I recently bought an investment property that needs structural work. The floors sag from the outside walls to the center. I have had a structural Eng out to the site and am awaiting the report/plan. My question is whether or not I should wait to get the structure fixed/floors leveled before i replace the roof? I am on the clock here as I have less than a month to strip/replace the roof to satisfy my insurance company. i guess the bottom line is, can I replace the roof now and jack up the house later without damaging the new roof?

Thanks in advance for any advice..


----------



## Shamus (Apr 27, 2008)

Just Me but I would not waste the time, trouble and cost to do a roof and then have to redo after the floors are leveled.

Go to your insurance Co and explain the issue. They will work with you as it is in their best interest to do just that.


----------



## 47_47 (Sep 11, 2007)

Shamus said:


> Just Me but I would not waste the time, trouble and cost to do a roof and then have to redo after the floors are leveled.
> 
> Go to your insurance Co and explain the issue. They will work with you as it is in their best interest to do just that.


x 2 :yes:


----------



## Marvin Gardens (Sep 30, 2008)

Floors first, then roof.


----------



## o_jay66 (Oct 17, 2008)

Actually, you might want to do them at the same time. Depending on how/where it's sagging, taking some load off of the roof (i.e., stripping off shingles) might make it easier to raise any floors under load-bearing walls.
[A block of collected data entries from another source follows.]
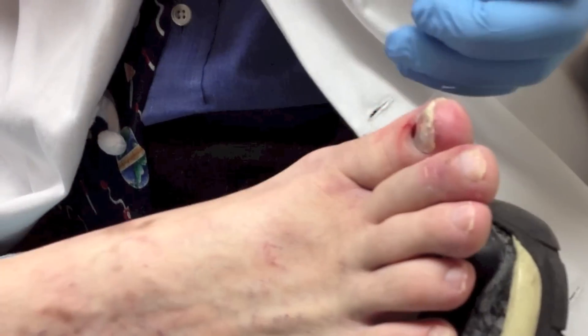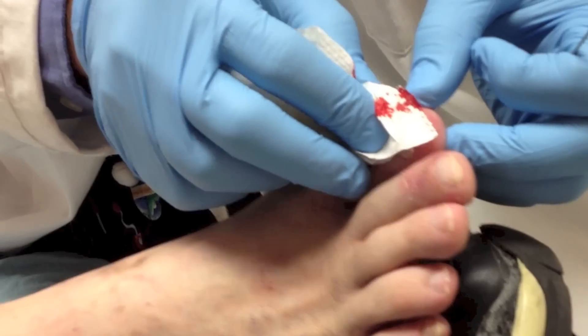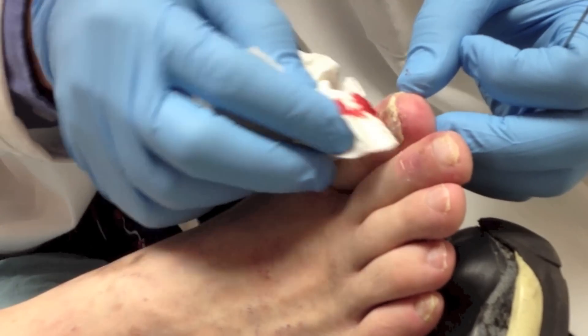Sorry sir — did it get to a sharp pain or just pressure on the toe?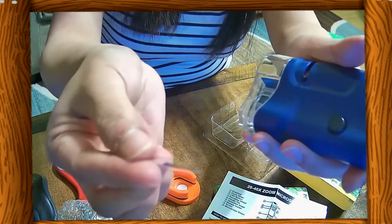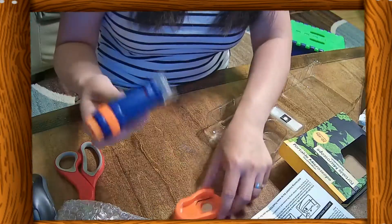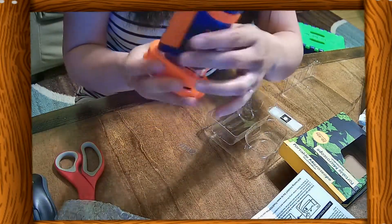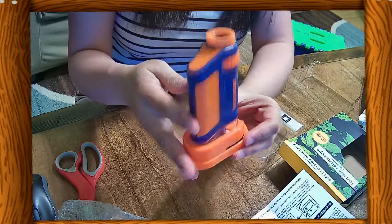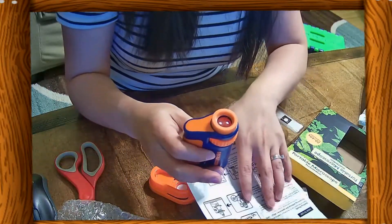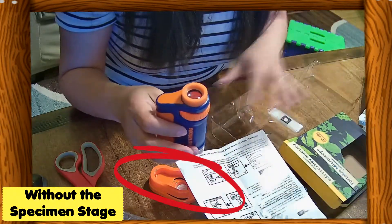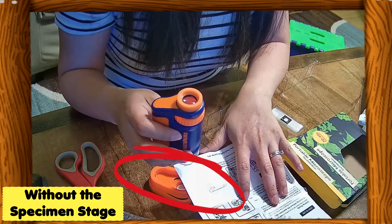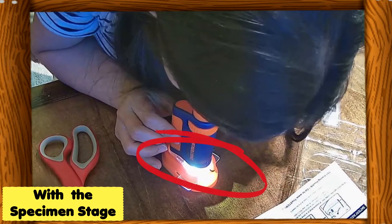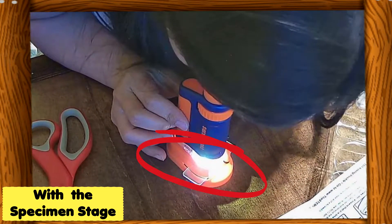Simply remove the plastic tab by pulling it, and now you are ready to use it. But remember, remove glasses before viewing. You can use this microscope without the specimen stage — just place the microscope directly on top of the observation, press the light button, and view through the eyepiece.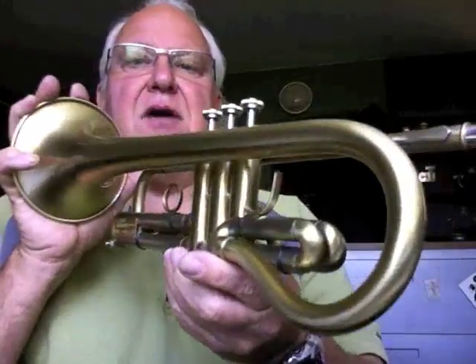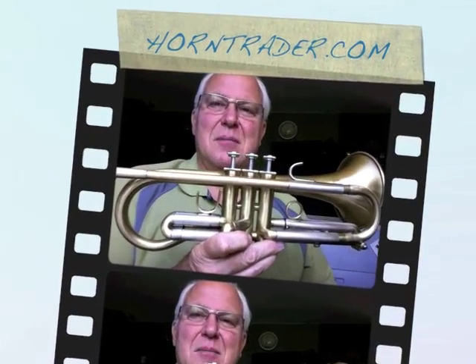You can find this great horn in the B flat trumpet section, also in the cornet section, and in the other interesting gear section of Horntrader.com. Thanks for listening, and we'll see you on the next one. Bye-bye.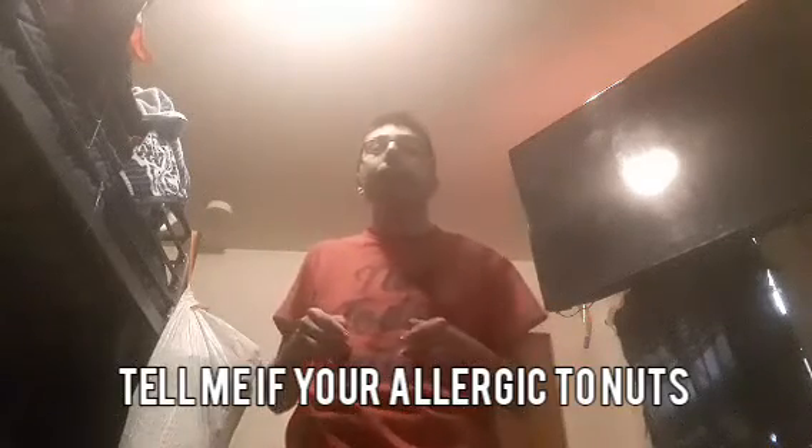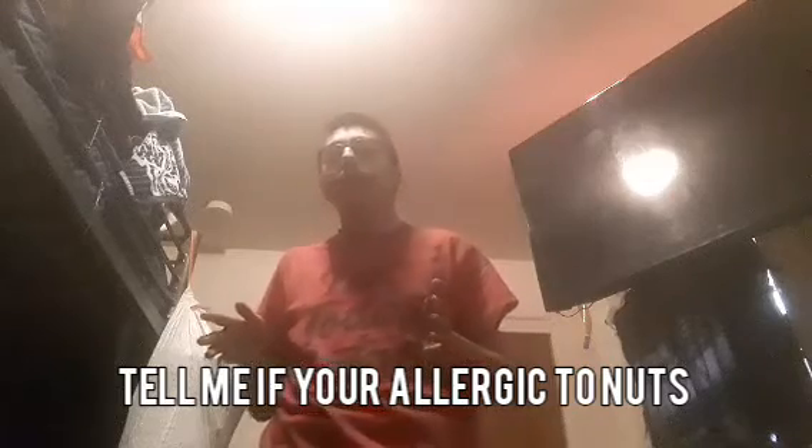Once they open up their eyes, which is like 3 to 5 weeks, and then you can notice how to hear some stuff, and then you can try to give them pecans. They're my favorites.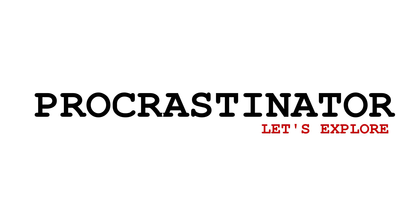Hello everyone. Welcome to Procrastinator Tamil YouTube channel. In this video, how do you freeze in seconds?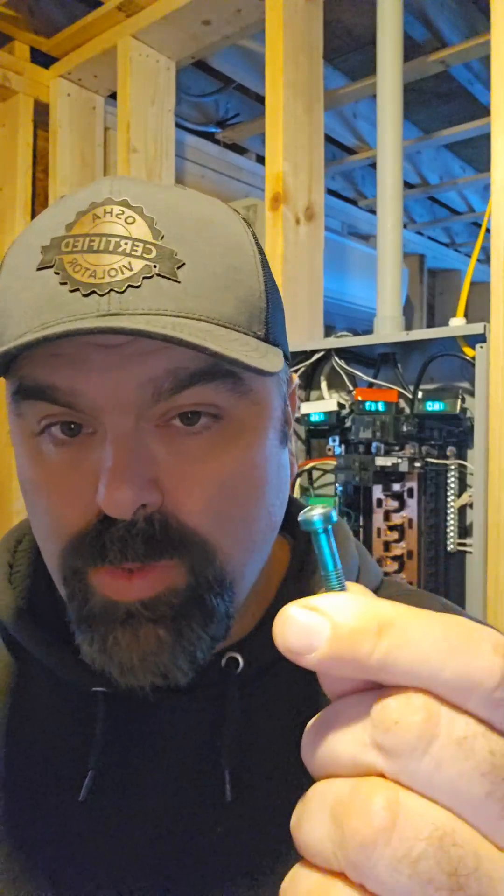Sometimes this screw goes in, sometimes it doesn't. Do not make any changes to your panel because of what you saw in this video. A professional has to decide whether or not this screw belongs in your panel, because it belongs in main panels but not sub-panels. But sometimes even a sub-panel will need it if it's older code.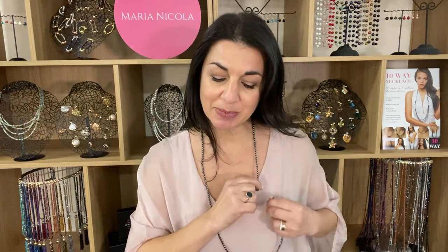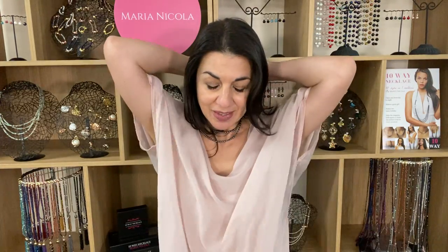You can actually pop it to the side. You can add in one of our many pendants and create a lovely off-center look like that. You can also double up the My Way necklace — clip it up at the back and then you can wear these pieces short and long or doubled up.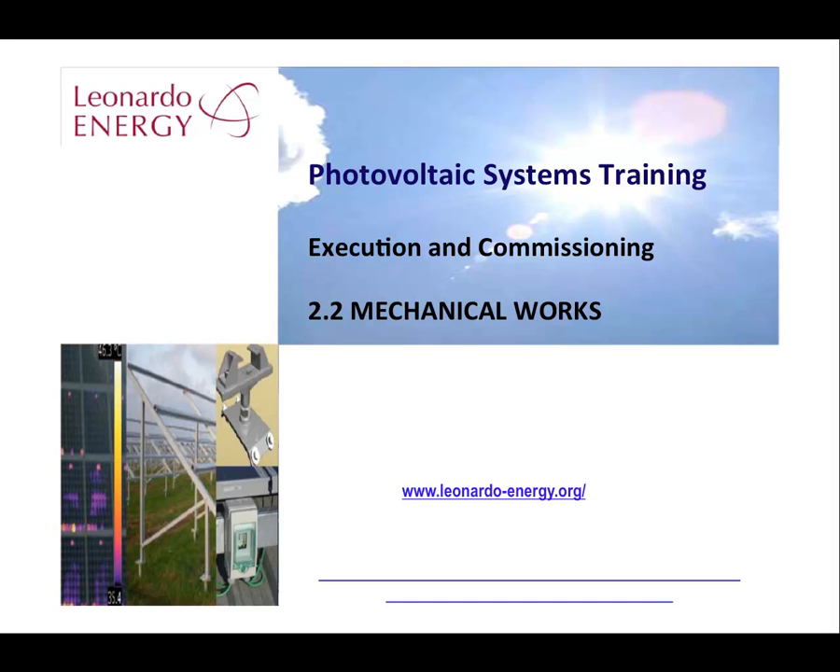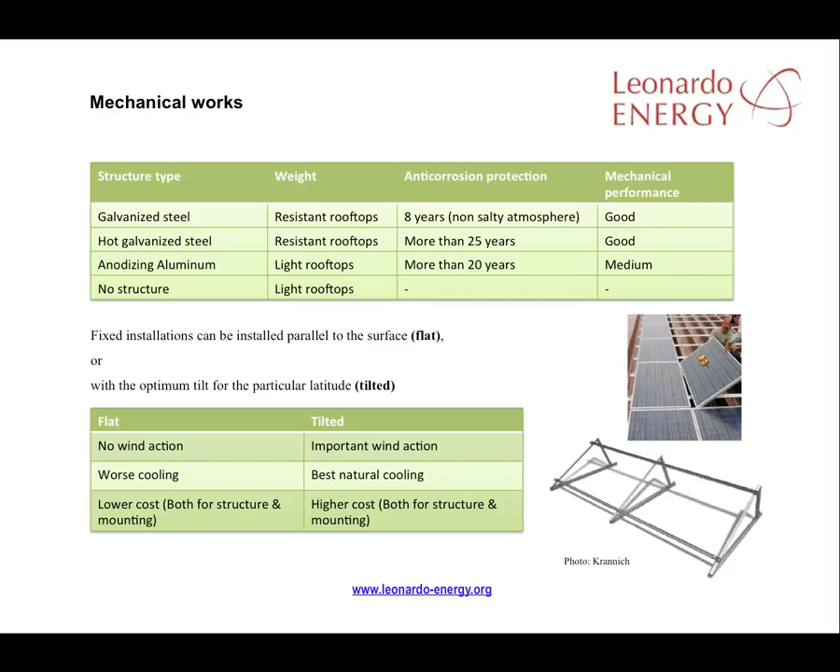The main mechanical work to be done during the construction phase is the installation of a structure to hold and support the PV modules. Different structures are appropriate for different uses and lifetimes, as illustrated on this slide. On rooftops, the structure is often fixed parallel to the surface where it's installed. Even if the roof is inclined, modules installed parallel to that roof are called flat. As we learnt in the first chapter, a module that is flat to the surface will not suffer from the effects of wind, while at the same time it will gain advantage from the slope of the roof.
This might take some scheduling acrobatics. The benefit might not be much, but I don't think there's much risk in replacing the roof first either, unless the floor is sagging so bad that pushing it up under a load-bearing wall would open a roof joint or something. If you bring up sagging floors to your insurance company you might draw attention you don't want.


----------



## Maintenance 6 (Feb 26, 2008)

It mostly depends on how much sag and where it's at. How are you addressing the sag?


----------



## JB617 (Oct 29, 2008)

Thanks for all of the replies. Appreciate it. The sag is right down the center of the house dropping noticeably at least 2 inches from each outside wall to the center. The sag runs parallel to the way the floor joists are run from the front to the rear of the house. In other words, you walk in the front door and look to the back of the house and right down the middle, the house is sagging into a V shape.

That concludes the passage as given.